• What is expected
When counting, include every line of the data that holds "Casa", then state the total alone.
▼
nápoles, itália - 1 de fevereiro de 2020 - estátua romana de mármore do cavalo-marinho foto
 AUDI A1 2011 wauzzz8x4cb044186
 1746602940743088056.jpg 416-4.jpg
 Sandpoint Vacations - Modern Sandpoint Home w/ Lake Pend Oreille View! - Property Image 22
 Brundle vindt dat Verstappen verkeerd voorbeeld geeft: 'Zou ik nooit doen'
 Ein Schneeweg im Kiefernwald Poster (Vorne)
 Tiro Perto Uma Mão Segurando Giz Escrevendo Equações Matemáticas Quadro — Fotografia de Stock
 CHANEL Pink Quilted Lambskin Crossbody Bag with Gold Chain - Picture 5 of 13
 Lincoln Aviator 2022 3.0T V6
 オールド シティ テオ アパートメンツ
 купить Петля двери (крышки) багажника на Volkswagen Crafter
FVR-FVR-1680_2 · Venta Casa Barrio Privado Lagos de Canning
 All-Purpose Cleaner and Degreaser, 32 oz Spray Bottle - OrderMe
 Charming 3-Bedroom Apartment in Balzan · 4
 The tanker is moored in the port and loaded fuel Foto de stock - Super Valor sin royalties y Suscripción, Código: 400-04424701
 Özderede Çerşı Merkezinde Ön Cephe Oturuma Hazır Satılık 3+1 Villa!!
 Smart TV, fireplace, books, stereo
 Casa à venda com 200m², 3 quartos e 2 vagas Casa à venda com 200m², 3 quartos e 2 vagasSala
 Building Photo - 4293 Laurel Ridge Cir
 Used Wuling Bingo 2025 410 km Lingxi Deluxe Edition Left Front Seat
▲
• Task solution
2